Refund of fair share dues paid pre-Janus is denied. Next stop: Supreme Court.
It's quite rare for an appellant to ask a court to affirm the decision below. Yet that is what happened in Ocol v. Chicago Teachers Union (7th Cir 12/09/2020).
Joseph Ocol is a math teacher in the Chicago public school system. After he was booted out of his union for failure to support a strike in 2016, he kept paying fair-share fees to the union. Those payments were required by the collective bargaining agreement, as authorized by a state statute.
Then the US Supreme Court decided Janus v. AFSCME, Council 31, 138 S. Ct. 2448 (2018), which held that forcing payment of fair share dues violates the constitution.
Ocol sued to get a refund of the dues he had paid prior to Janus, and mounted a First Amendment challenge to exclusive representation. The trial court held against him.
On appeal to the 7th Circuit, Ocol admitted that both claims are squarely foreclosed by precedent and requested that the 7th Circuit summarily affirm judgment in the defendants’ favor so that he may appeal to the Supreme Court.

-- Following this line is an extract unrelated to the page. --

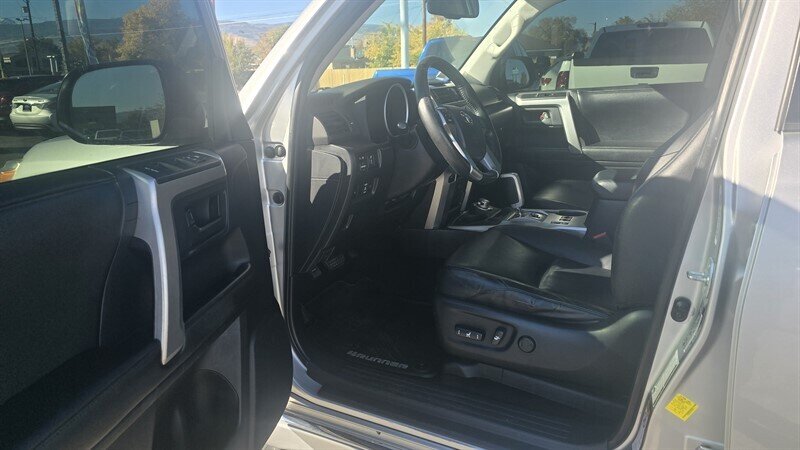 2013 Toyota 4Runner SR5 - Photo 5 - Reno, NV 89502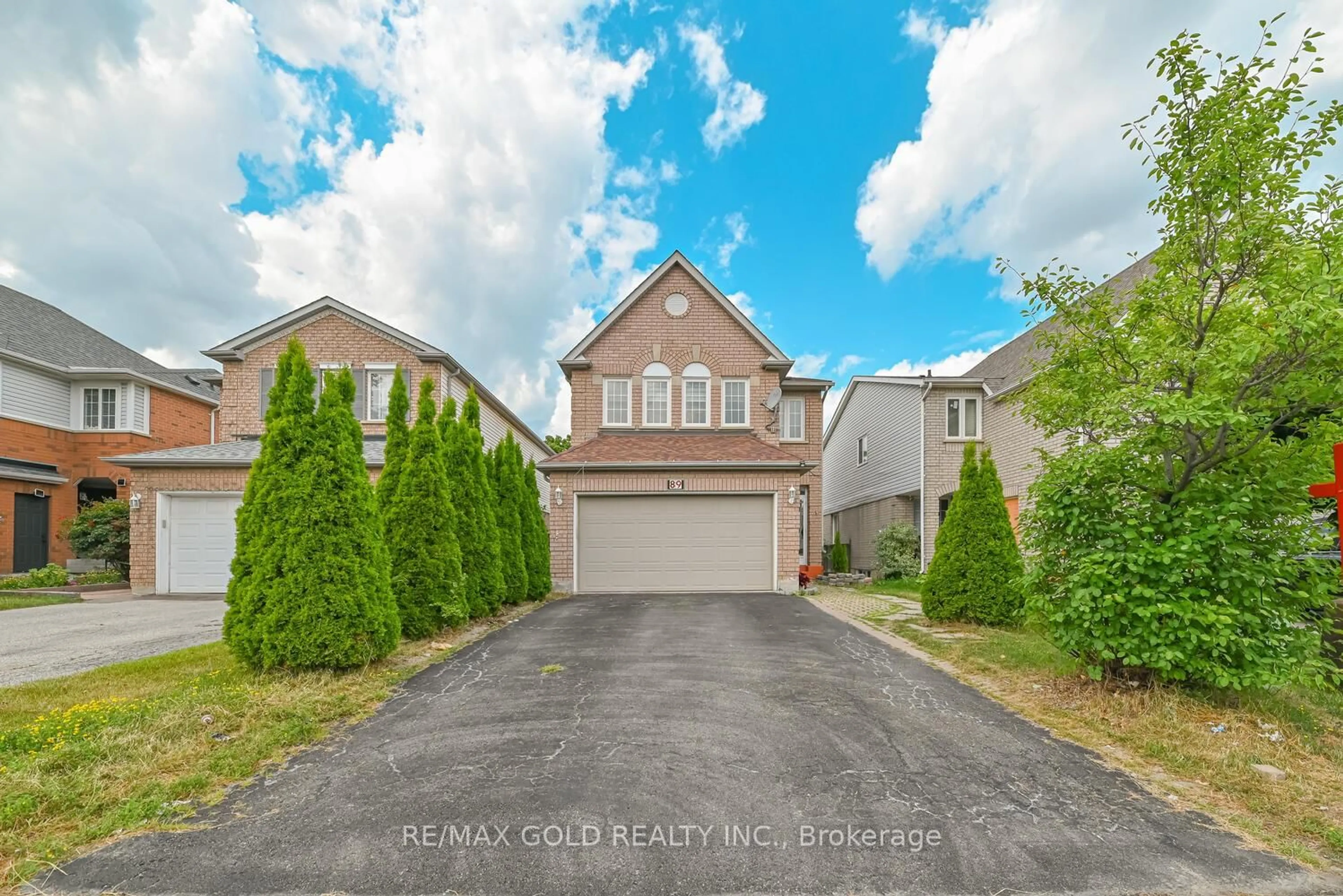 A pic from outside/outdoor area/front of a property/back of a property/a pic from drone, street for 89 Black Forest Dr, Brampton Ontario L6R 2E6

The 7th Circuit was only too happy to comply. After all, every appellate court that has taken up the question has reached the same answer: A private party acting under color of state law for § 1983 purposes is entitled to a good-faith defense. And, in Minnesota State Board for Community Colleges v. Knight, 465 U.S. 271 (1984), the Supreme Court rejected a First Amendment challenge to a similar exclusive representation provision applicable to state colleges in Minnesota.
Looks like Ocol will petition for certiorari. My bet is that cert will be denied, mainly because there is no split of authority among the lower courts.